In a pizzeria usually you can find only pizza, and sometimes a starter (antipasto). By the way, when people eat pizza, they usually drink bear or coke. Trattoria is a traditional restaurant where you can enjoy local dishes. There are restaurants that fit every price range. You always have to pay a cover charge (il coperto) that includes table service and bread. No offense if your wine is served in a simple glass: this is gradually changing and also in trattorie they are introducing wine glasses. And…do not take for granted to find cool white wine. Anyway, you usually can enjoy an incredible meal in this type of restaurants: the staff is very friendly and welcoming and, unlike proper restaurants in which the portions are thought to give you the possibility to taste different dishes, in a trattoria the rule is: generous portions and good food. We can say that eating in a trattoria is like eating at your grandmother’s house: you always leave the place feeling completely full!

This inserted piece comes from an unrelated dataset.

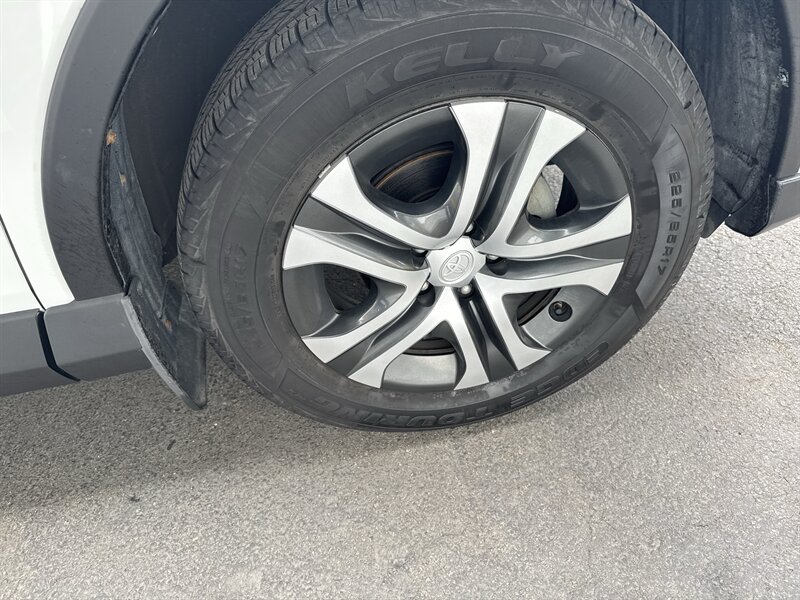 2018 Toyota RAV4 LE   - Photo 8 - Lynwood, IL 60411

Ok, you spent the first day without troubles but also without finding an Italian that can speak German or at least English. Italians, especially in small towns, do not usually speak foreign languages but they are very nice, and they are always willing to help you even if they do not understand your language!

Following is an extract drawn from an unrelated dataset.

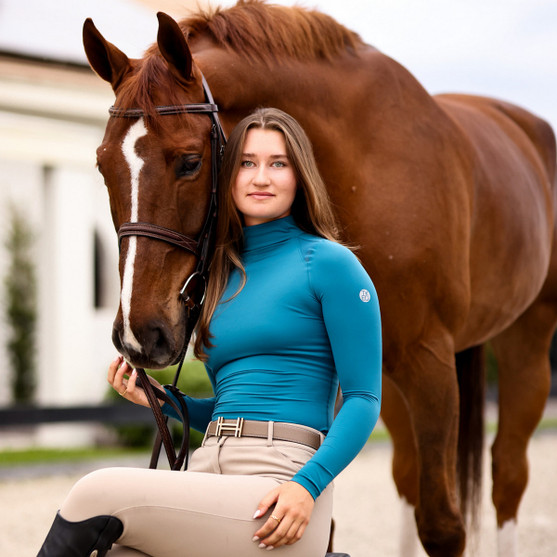 TKEQ Chloe High Collar Technical Top GULFSTREAM LIFESTYLE 3/4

Little by little you will get used to the differences. Electricity, water, internet, phone coverage can stop working without notice (phone coverage is by far the least reliable) and what you can do is nothing but waiting for them to work again. In recent years, these things are improving. During my first stay here in Italy I always tried to call somebody or at least I tried to fix it myself but you know, one always learns something new from difficult situations and now I know that I just have to ask my neighbours if they are in troubles too with electricity ( water/ gas or whatever), to be sure that it’s not a matter of the breaker and then….just wait!
Internet. May I skip this topic? No? Ok, then… sometimes I need hours to publish pictures and if I am particularly unlucky the web crushes and I have to start it all over again. I live in Pescia, near the city centre and trust me I know everything about the best internet connection available on the market. This is getting better, but it needs time. For those who absolutely need internet connection during your holiday, I suggest you to ask about it in advance to be sure that it is working. There are places in which the only possibility is a slow connection, enough for emails but surely not sufficient to surf the internet.
Just one last thing: exhaust pipes are smaller than elsewhere. It is extremely important that you do not throw anything but toilet paper in it because it gets IMMEDIATELY clogged.
Last but not least: waste disposal and separate collection. I suggest you ask me about this at your arrival so that I can give you the current policy because it changes depending on the place where the house is located. It is different in every municipality and it changes so fast that sometimes I do not know how it works either and I have to check.
What’s missing? Did I forget something? What about your Italian first-experiences? Leave a comment or send us a direct message to tell us your stories!
And now…you are ready to enjoy your Tuscan trip!